While scores vary among individual schools, pass rates on Standards of Learning tests in Wise County as a division surpassed or met the state rates in every subject, while Norton city topped the state in all but one content category.

Where city schools missed, they missed big, however, with just 59 percent passing the SOL writing test as compared to 76 percent statewide. The Norton division dropped by five percentage points over its 2017-18 performance in writing and by 10 percentage points over two years ago.

Wise County as a division also dropped in writing pass rates, down 9 percentage points over last year to 76, even though Central and Union high schools each logged 100 percent pass rates. Eastside High School dropped 9 percentage points to 76.

Statewide, the 76 percent English writing pass rate was down from 78 percent the previous year.

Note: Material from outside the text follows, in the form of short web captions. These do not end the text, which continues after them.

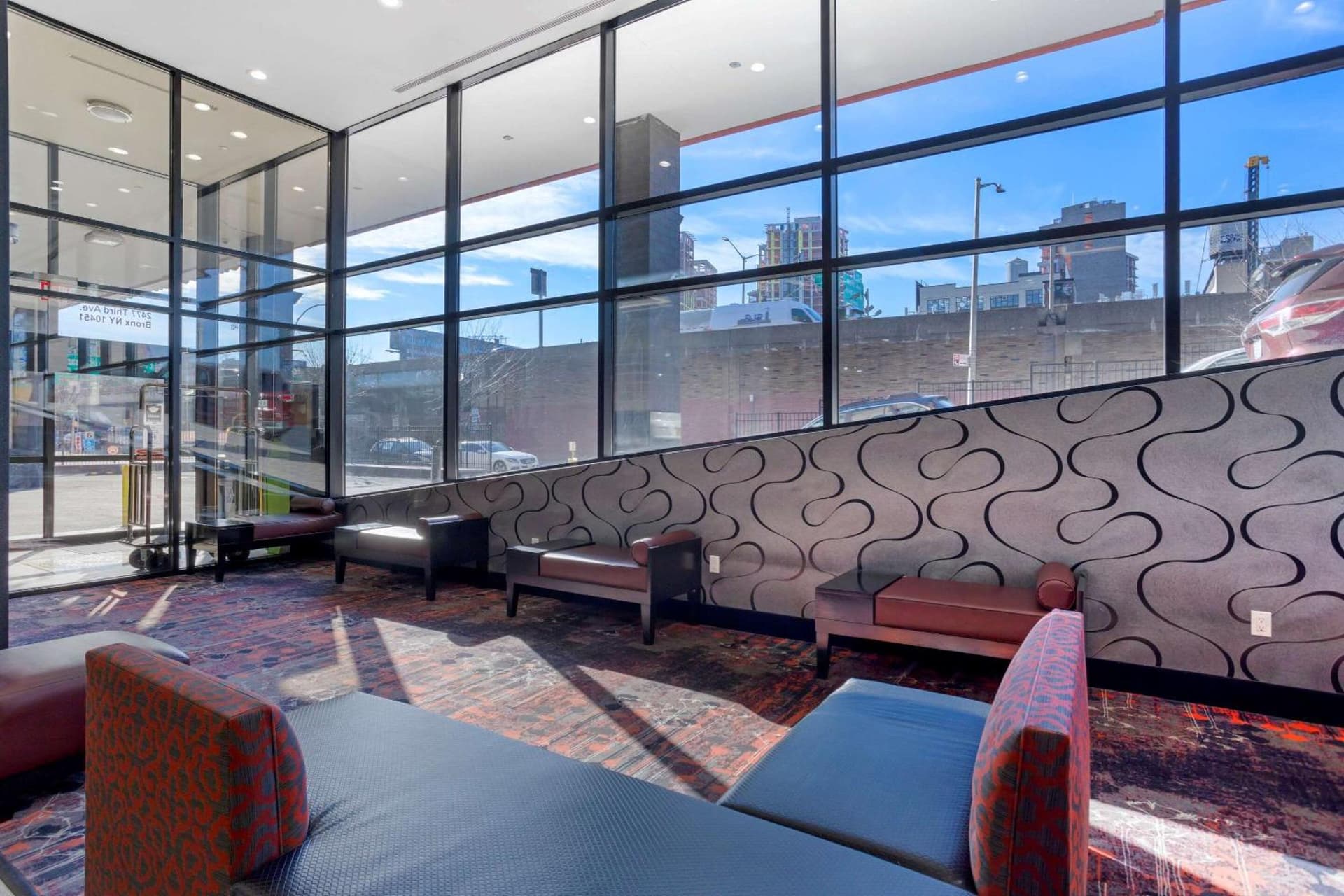 Comfort Inn & Suites near Stadium gallery photo in Bronx, NY — image 58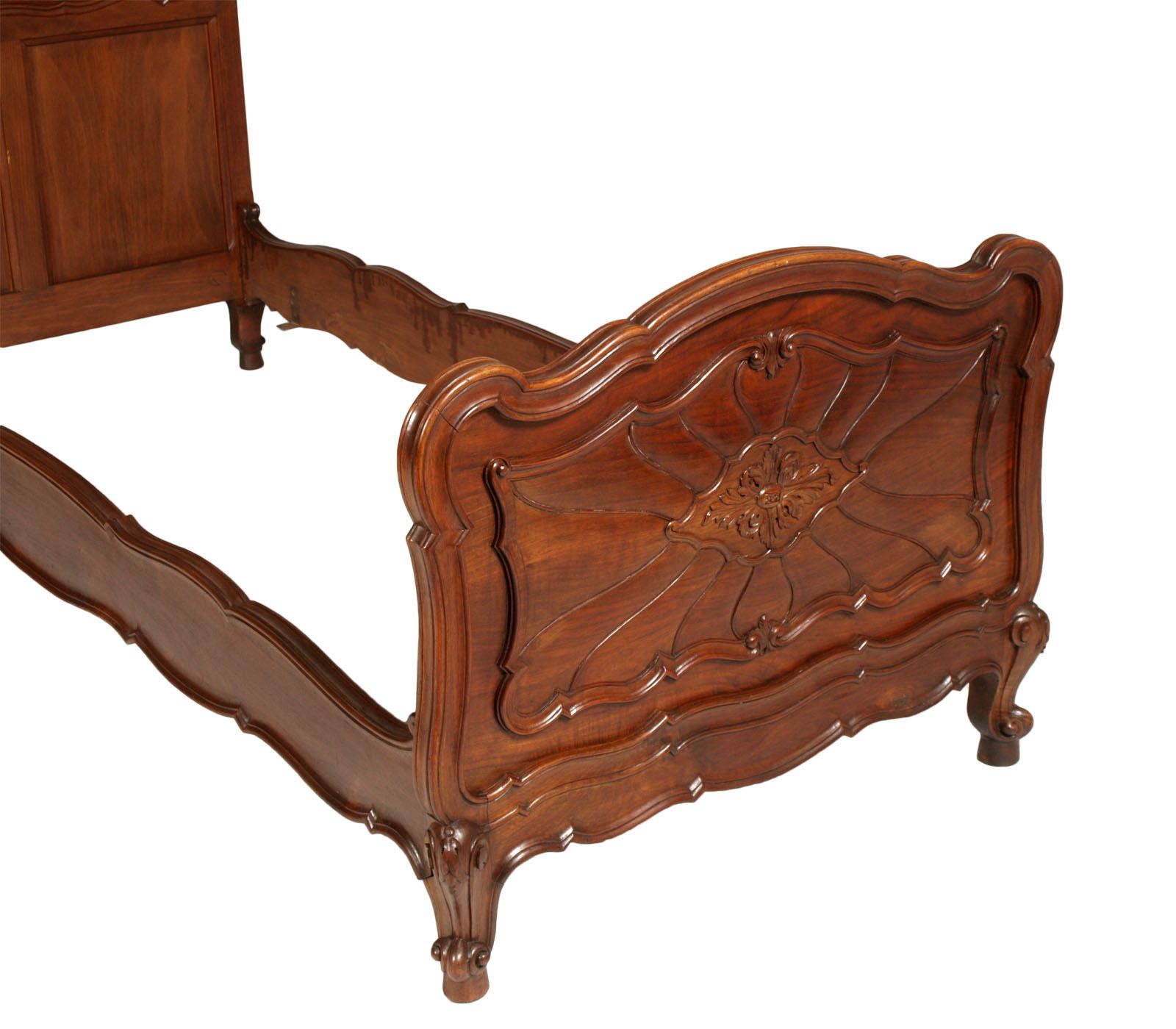 Italy Baroque Massive Carved Walnut Complete Bedroom Sets photo Furniture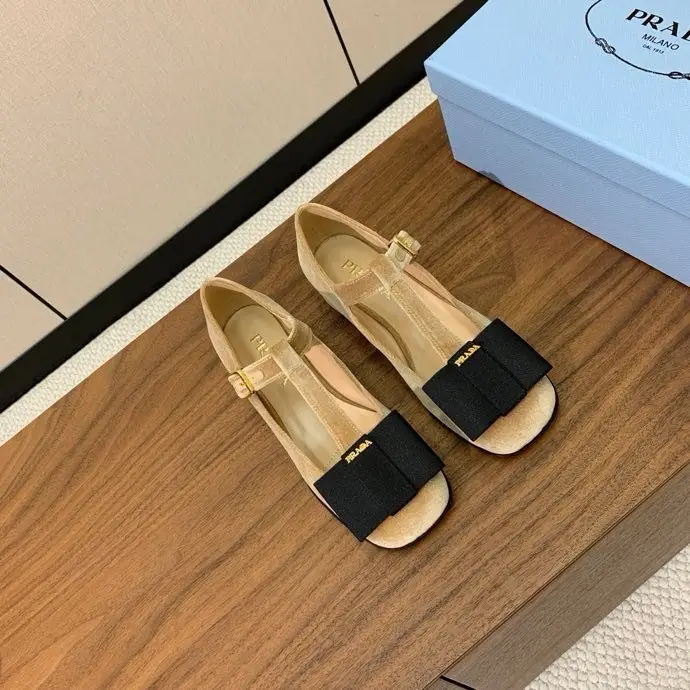 Prada Бархарные туфли-мэри джейн с Т-образным ремешком и бантом — Фото 5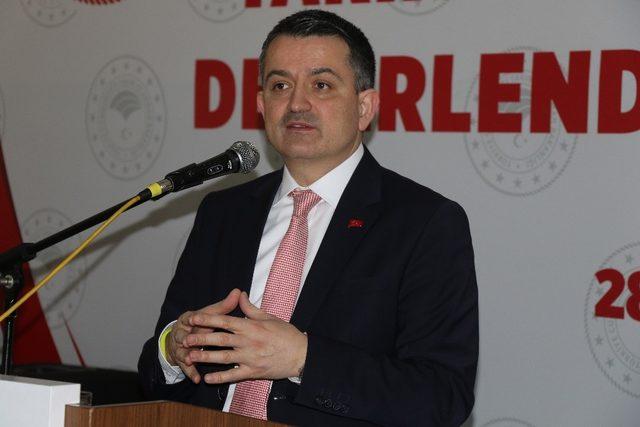 Bakan Pakdemirli: “20 sene içerisinde Türkiye dünyayı doyuran ülke olacak”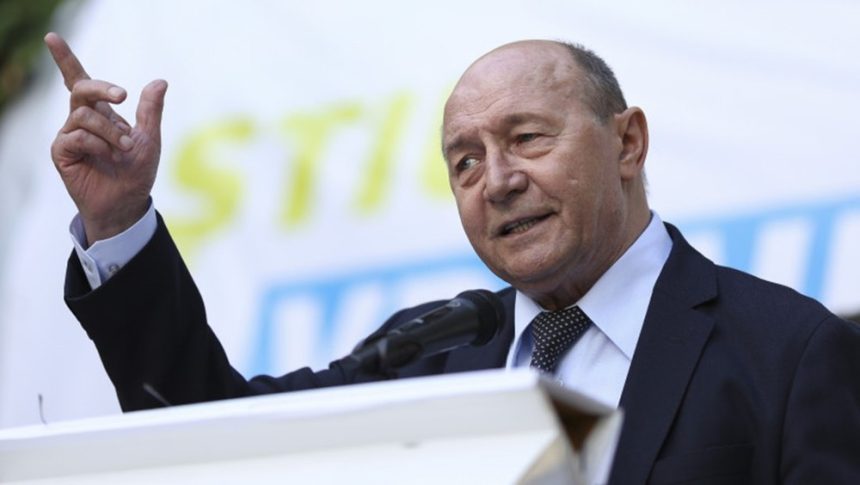 Băsescu cere negocieri cu Ucraina pentru a opri folosirea dronelor și lansează critici dure la adresa achizițiilor Armatei Băsescu: „Trebuie negociat cu ucrainenii să nu se mai joace cu dronele”. Fostul președinte critică achizițiile Armatei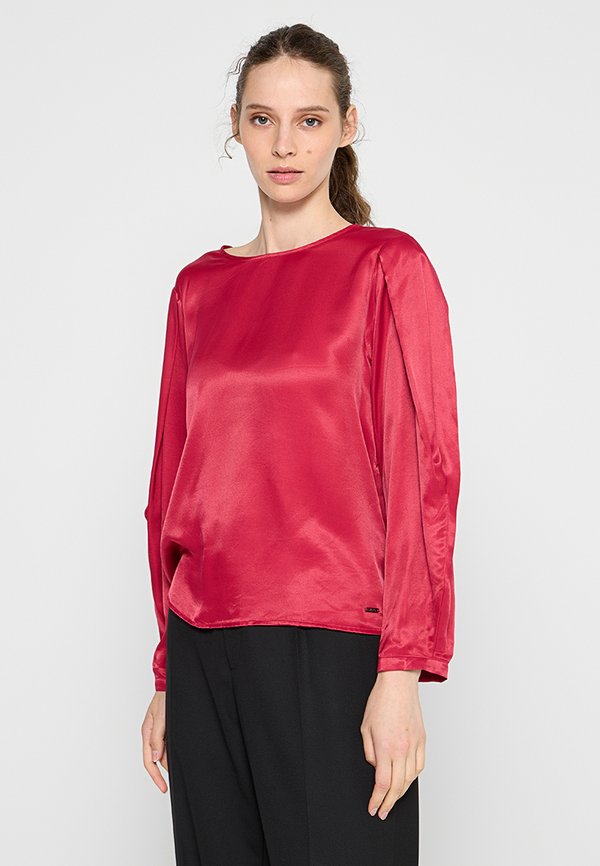 Armani Exchange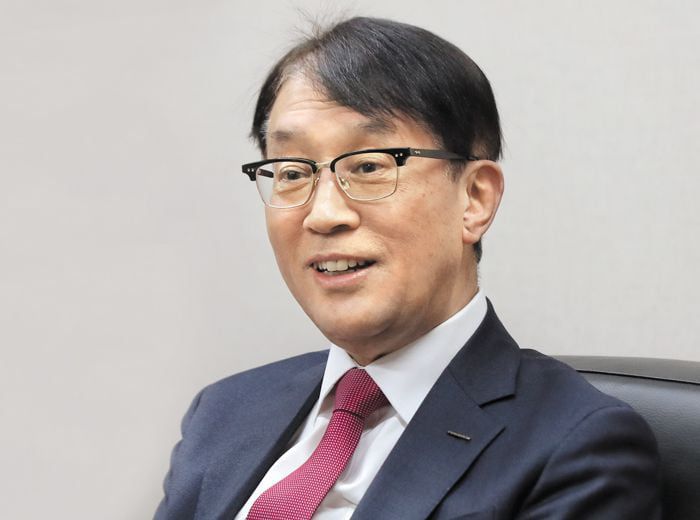 2일 오후 경북 포항에 있는 포스텍 대학본관에서 김성근 총장이 본지와 인터뷰하는 모습. 김 총장은 "투자금 1조2000억원으로 포스텍을 살려 지방 소멸 위기를 막고 국가 미래 경쟁력을 끌어올리겠다"고 했다. /김동환 기자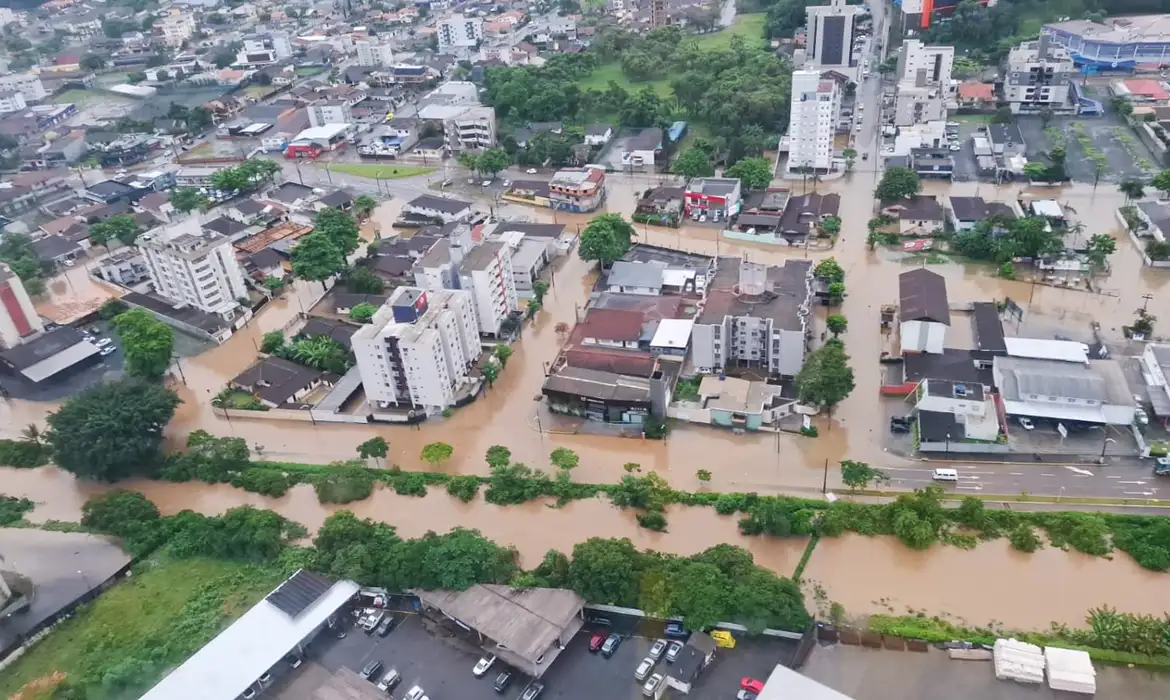 Defesa Civil alerta para chuvas fortes em SC. Ministério da Saúde monitora e orienta — Agência Gov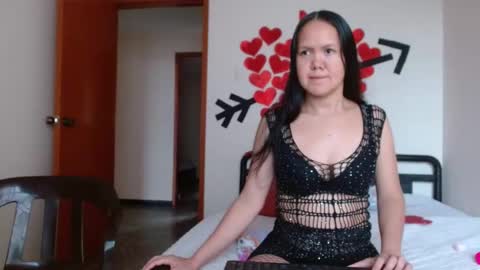 Snapshot of marilynbeautifullyhairy chatting on February 10, 1:01 pm marilyn online show from February 10, 1:01 pm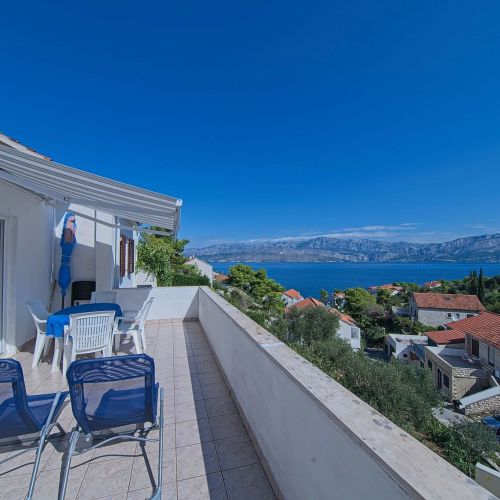 Apartments With Parking Space Postira, Brač - 11168 Postira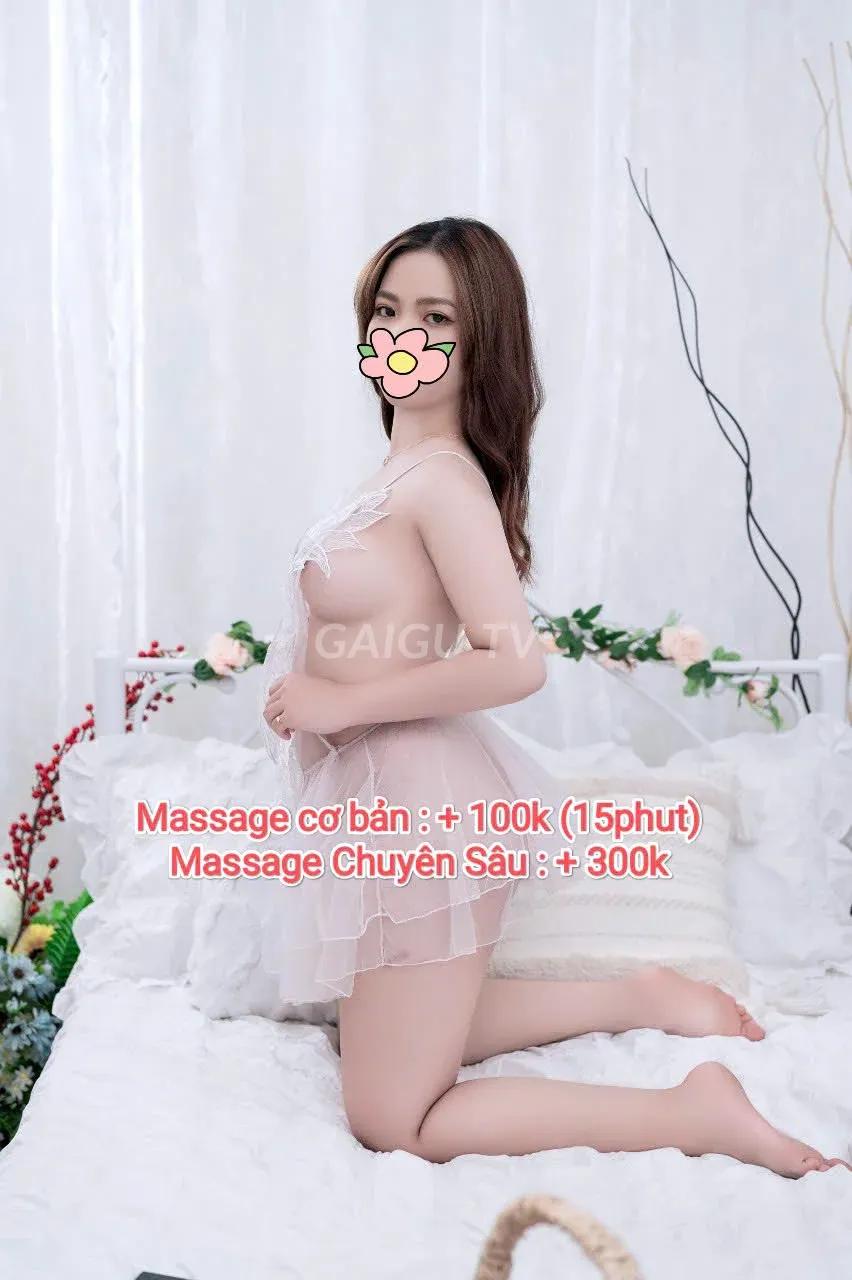 Thúy Vy da trắng mịn dáng chuẩn phục vụ nhiệt tình nhẹ nhàng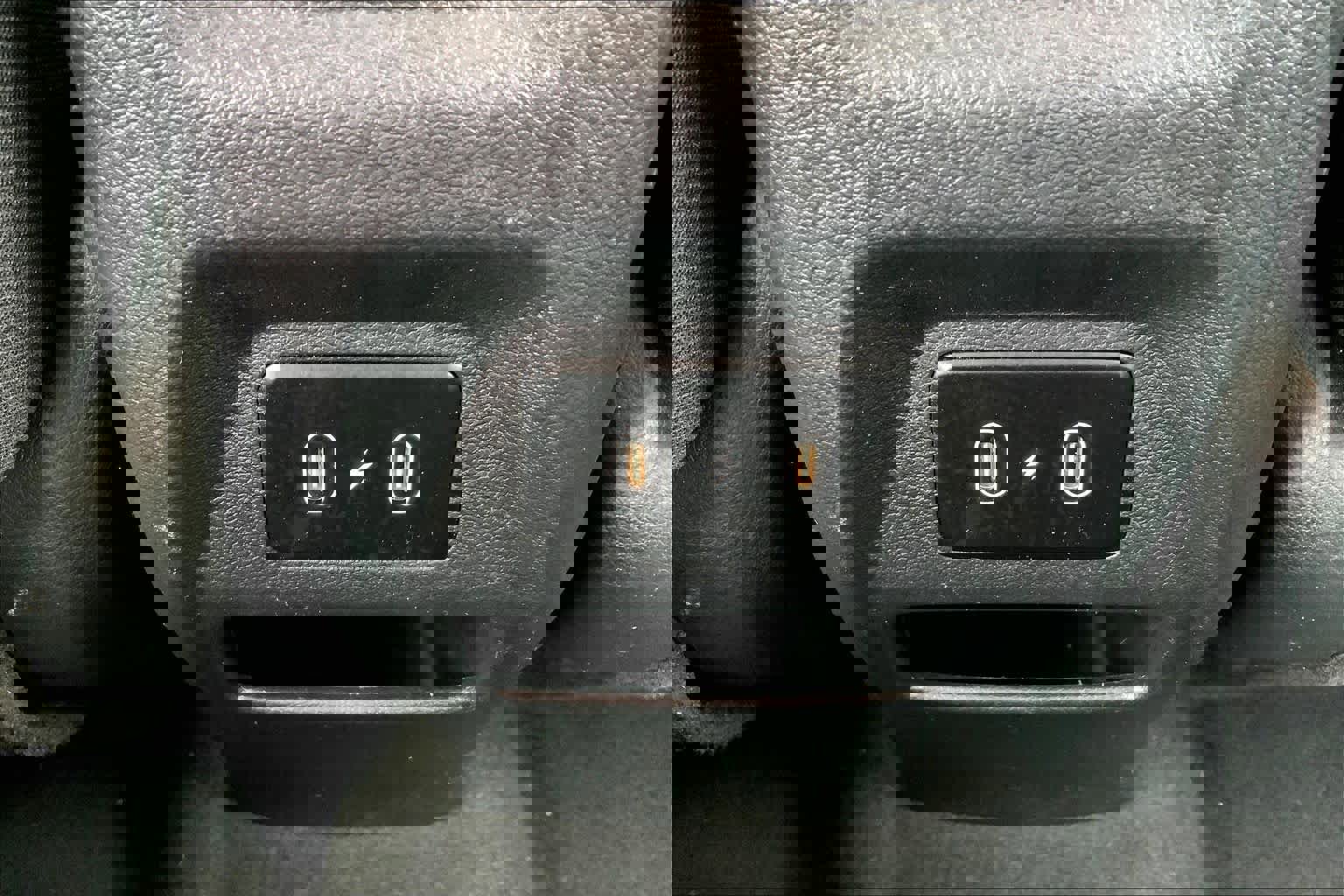 Used 2025 Hyundai Venue SEL image 33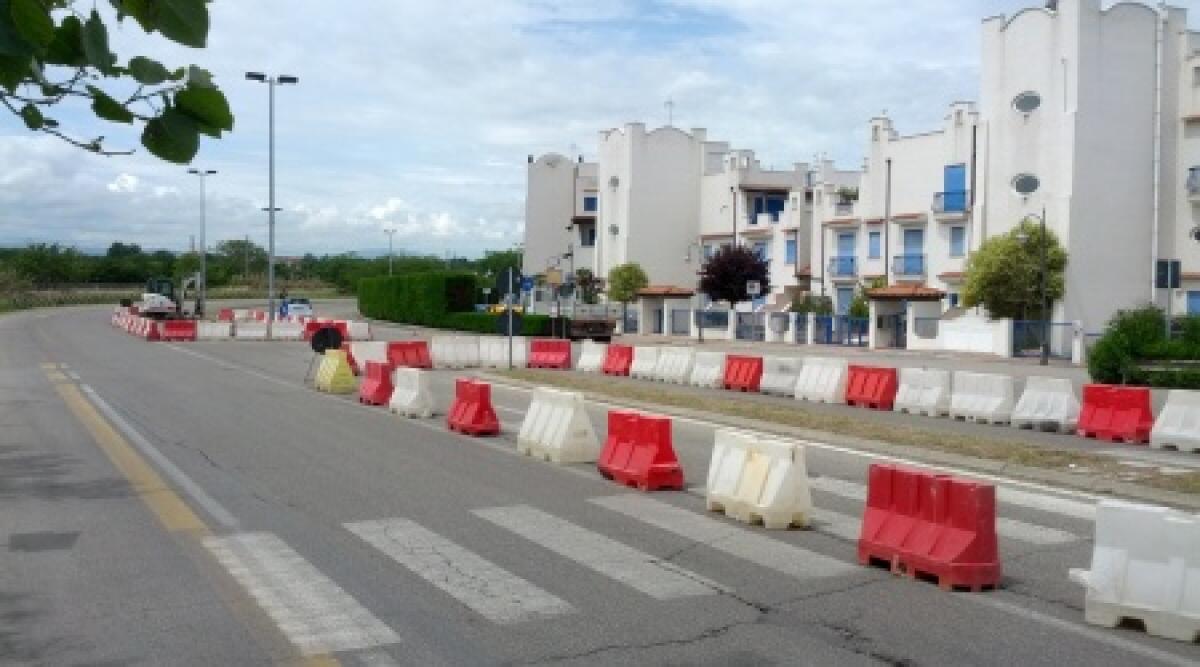 Una ciclabile a due corsie a Portoverde sul parco alla foce del Conca - 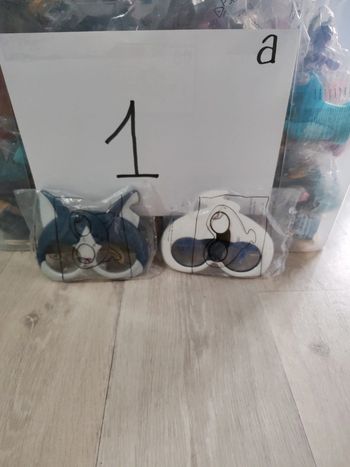 Figurine McDonald's yo-kai watch.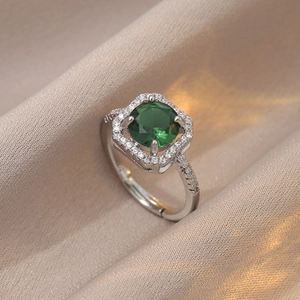 Bague réglable en argent avec une grande pierre précieuse verte et contour de diamants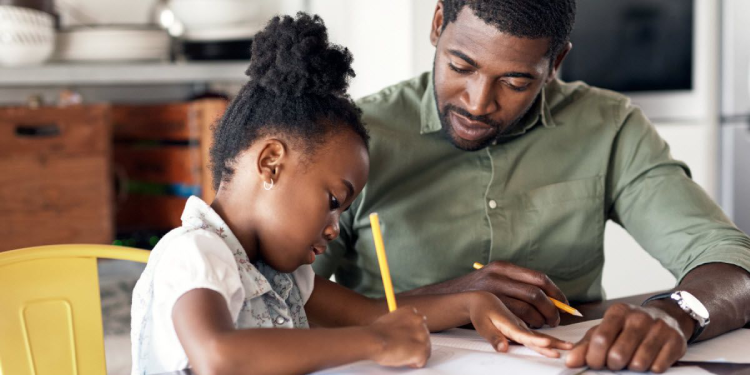 Mon enfant manque de confiance en lui : 7 façons de l’aider à croire en ses capacités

In reading, both county and city test scores showed small improvements and were ahead of state pass rates, which showed a small comparable gain. The county division's pass rate was 86, up one percentage point over last year, and Norton's was 83, up 2 percentage points. Statewide, 78 percent of students taking reading tests passed, compared with 79 percent during 2017-18.

Norton's pass rates in science topped both county and state, gaining 4 percentage points over last year to hit 91 percent. The county division had a 90 percent pass rate in science, up one percentage point, while the state pass rate was just 81 percent, unchanged from the previous year.

Wise County led in pass rates on new mathematics tests introduced during 2018-19, with 93 percent, up 3 percentage points. Norton had a pass rate of 87 percent, with an improvement of 5 percentage points over last year. Statewide, 82 percent passed the new mathematics tests, compared with 77 percent last year.

Locally and statewide, overall pass rates in history/social science dropped, although by a little less locally.

The Wise County performance in history showed a 90 percent pass rate, down 3 percentage points. Norton pass rates dipped by 2 percentage points to 86.

Statewide, 80 percent of students tested in history/social science passed, compared with 84 percent in 2017-18.

REFLECT REVISIONS

In its announcement last week, the Virginia Department of Education noted that the results reflect changes in student test-taking patterns last year caused by revisions to the commonwealth’s diploma and school accountability standards, and the introduction of new mathematics tests in all grade levels.

Revisions to the Standards of Accreditation that were approved by the state Board of Education in 2017 and became effective last year reduced the number of SOL tests high school students must pass in order to graduate. Under the revised regulations, students who meet the testing requirement in a content area do not have to take another test in the subject unless additional testing is required for the school to comply with federal testing requirements. Previously, high school students continued to take end-of-course tests even if they had already earned the credits in the content area necessary to graduate.

The 2018-19 school year also saw the introduction of new math SOL tests reflecting revisions to the state mathematics standards approved by the state Board of Education in 2016. The introduction of the new tests marked the end of the three-year transition to the revised standards.

“The achievement in a school, a division or in the commonwealth as a whole must be viewed in the context of these changes in student test-taking patterns, standards and assessments,” Superintendent of Public Instruction James Lane said. “These changes were significant and performance on last year’s SOL tests marks the beginning of new trend lines in mathematics, science and history.”

Additional information on the performance of students on SOL tests during 2018-19 — including pass rates for schools and school divisions — is available on the VDOE website and on the online School Quality Profiles.

VDOE will announce school accreditation ratings for the 2019-20 school year in September. Accreditation ratings reflect achievement in English, mathematics and science; student growth toward proficiency in reading and mathematics; progress toward closing achievement gaps in English and mathematics; and other school quality indicators.